Saved data entries:
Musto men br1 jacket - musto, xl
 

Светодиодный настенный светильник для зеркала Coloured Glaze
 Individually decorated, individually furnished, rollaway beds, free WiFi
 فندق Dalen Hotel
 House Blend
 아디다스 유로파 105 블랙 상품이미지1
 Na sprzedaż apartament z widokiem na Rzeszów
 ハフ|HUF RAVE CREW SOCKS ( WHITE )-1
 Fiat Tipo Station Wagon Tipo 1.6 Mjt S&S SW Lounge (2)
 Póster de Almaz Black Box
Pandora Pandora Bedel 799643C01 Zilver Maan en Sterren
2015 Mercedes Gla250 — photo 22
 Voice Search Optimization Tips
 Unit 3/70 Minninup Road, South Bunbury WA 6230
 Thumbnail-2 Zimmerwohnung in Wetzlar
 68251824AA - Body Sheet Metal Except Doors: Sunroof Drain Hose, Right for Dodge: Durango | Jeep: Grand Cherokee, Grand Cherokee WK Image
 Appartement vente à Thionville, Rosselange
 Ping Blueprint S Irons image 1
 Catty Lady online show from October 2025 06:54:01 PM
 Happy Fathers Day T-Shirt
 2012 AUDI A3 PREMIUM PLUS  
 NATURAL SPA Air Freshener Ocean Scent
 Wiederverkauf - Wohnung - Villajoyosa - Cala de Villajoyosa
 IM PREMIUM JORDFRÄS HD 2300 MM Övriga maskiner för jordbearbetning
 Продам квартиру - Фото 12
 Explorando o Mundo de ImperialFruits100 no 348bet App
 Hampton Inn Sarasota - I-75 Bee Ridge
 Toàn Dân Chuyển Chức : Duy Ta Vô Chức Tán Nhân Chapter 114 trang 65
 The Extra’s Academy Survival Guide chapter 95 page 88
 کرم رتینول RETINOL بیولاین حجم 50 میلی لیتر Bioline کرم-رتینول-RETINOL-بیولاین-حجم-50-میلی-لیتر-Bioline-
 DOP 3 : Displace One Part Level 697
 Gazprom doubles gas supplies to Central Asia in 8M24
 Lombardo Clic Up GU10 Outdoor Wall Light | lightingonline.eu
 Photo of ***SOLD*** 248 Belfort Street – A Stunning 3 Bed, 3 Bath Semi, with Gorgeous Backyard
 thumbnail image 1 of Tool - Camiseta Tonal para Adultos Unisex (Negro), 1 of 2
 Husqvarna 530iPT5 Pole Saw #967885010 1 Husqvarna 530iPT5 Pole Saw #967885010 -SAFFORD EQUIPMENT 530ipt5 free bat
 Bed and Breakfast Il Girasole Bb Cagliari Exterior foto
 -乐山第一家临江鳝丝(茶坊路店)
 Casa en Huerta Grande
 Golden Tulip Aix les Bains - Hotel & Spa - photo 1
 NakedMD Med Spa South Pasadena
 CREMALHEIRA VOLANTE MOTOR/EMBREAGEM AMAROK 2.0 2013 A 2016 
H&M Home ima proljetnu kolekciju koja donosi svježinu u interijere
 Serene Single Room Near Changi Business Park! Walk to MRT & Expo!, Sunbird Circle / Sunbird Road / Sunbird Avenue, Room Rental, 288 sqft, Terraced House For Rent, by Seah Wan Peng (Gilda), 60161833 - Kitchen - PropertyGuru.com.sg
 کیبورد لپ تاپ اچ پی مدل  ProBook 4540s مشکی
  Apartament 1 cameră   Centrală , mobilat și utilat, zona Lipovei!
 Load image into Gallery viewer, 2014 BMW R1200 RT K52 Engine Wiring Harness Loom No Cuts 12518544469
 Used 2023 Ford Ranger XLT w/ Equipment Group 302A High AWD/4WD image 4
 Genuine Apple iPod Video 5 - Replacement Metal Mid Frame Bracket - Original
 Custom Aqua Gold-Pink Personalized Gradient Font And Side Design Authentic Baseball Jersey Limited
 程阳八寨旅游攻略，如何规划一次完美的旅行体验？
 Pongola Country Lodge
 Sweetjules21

- PROBLEM DESCRIPTION -
Write out again, exactly, the lines from the start of the entries up to and including the one with "Na sprzedaż apartament z widokiem na Rzeszów". Nothing else belongs in the reply.

- EXERCISE RESULT -
Musto men br1 jacket - musto, xl
 

Светодиодный настенный светильник для зеркала Coloured Glaze
 Individually decorated, individually furnished, rollaway beds, free WiFi
 فندق Dalen Hotel
 House Blend
 아디다스 유로파 105 블랙 상품이미지1
 Na sprzedaż apartament z widokiem na Rzeszów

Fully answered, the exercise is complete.